When I was a little girl growing up in New York City, I was fascinated by flip flapping of sheets, blouses, shirts, towels, overalls and underwear taking sail on the wind between buildings. Sometimes I happened on the scene at the very moment that a satisfied-looking woman leaned out of her kitchen window, reeling out her line on a winch. There would be another winch attached to the building across the way, and a peculiarly melodic sound would resonate as the ropes passed through them, like a jazzy riff on a creaky clarinet.
I always considered those long lines of sheets and shirts a miracle of hominess expressing something going on in those apartments that I had always yearned for. My own mother, poor soul, hadn’t a clue about how to do laundry. She had been raised with maids and cooks and, undoubtedly, laundresses, but found herself downwardly mobile, raising two children in a tiny apartment on one of those narrow New York Streets, wondering where all the maids had disappeared to. She did the best she could with a bar of fels naptha in the bathroom sink, but I sensed in those triumphantly flapping lines of radiantly clean laundry something permanently beyond my reach.

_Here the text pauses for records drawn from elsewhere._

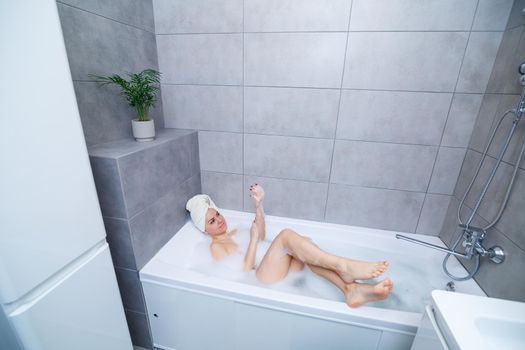 Girl woman with a white towel on her head lies in the bathroom in a white bath. In the hands of a lot of muddy soap. Full whirlpool foam. Relax after a hard day. Spa relaxing treatment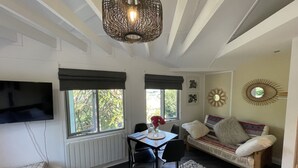 Una sala de estar acogedora con televisor, una mesa de comedor con sillas, un sofá y un espejo decorativo.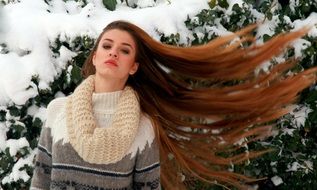 woman with long hair in winter garden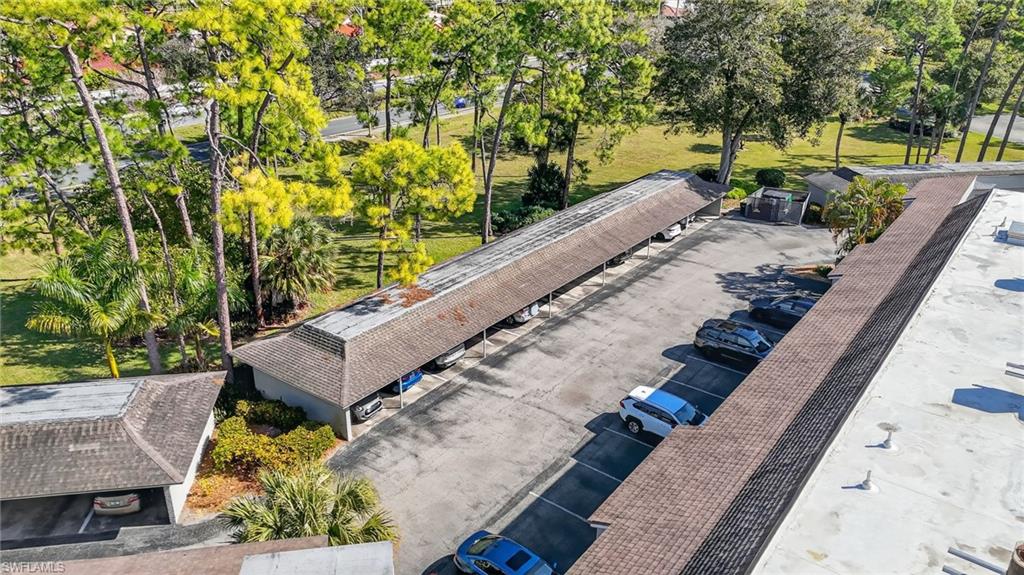 5773 Gage Lane, Unit B101 Naples, FL 34113 - Photo 38 of 39 a view of a yard with plants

A couple of years ago my brother and I compared notes about this, remembering how stiff our underwear had always been and how we had itched all over because the soap was never rinsed out entirely. Besides, our little underpants were dried on top of the radiators and always turned out stiff as boards.
He had been married to a wonderful young woman for a while when I first went to visit them in their new home. We were drinking coffee in their kitchen as my sister-in-law took the laundry out of a washing machine that stood within easy reach of the sink and stove.
“Can I help you,” I asked, awed by the orderliness of her arrangements. As we stood side by side, folding each piece just so, I couldn’t believe how soft their towels and sheets felt in my hands. Was this some kind of miracle!
“How did they get this way?”
My brother laughed sympathetically.
“Isn’t it wonderful! She uses something called softener!”
They have been a devoted couple, head over heels in love with each other for more than fifty years now. At that time in my (itchy) life, nonetheless, I would have married her myself for the way she did the laundry.
My father’s horror when he offered me a baby gift and I asked for a washing machine suggests that our childhood laundry sufferings derived as much from class haughtiness as mother’s ineptitude. Reluctantly, he paid for a gleaming white object from Sears and had it delivered to our first home, a little stone cottage on a college campus. It had a fenced in laundry yard where I set up an umbrella-style contraption with four layers of lines to pull my laundry towards me and push it away again. They hadn’t invented disposables yet, but I bought a bottle of softener and had lovely times hanging row after row of fragrant cloth diapers, receiving blankets, little shirts and sweaters out to dry in the New England sunshine.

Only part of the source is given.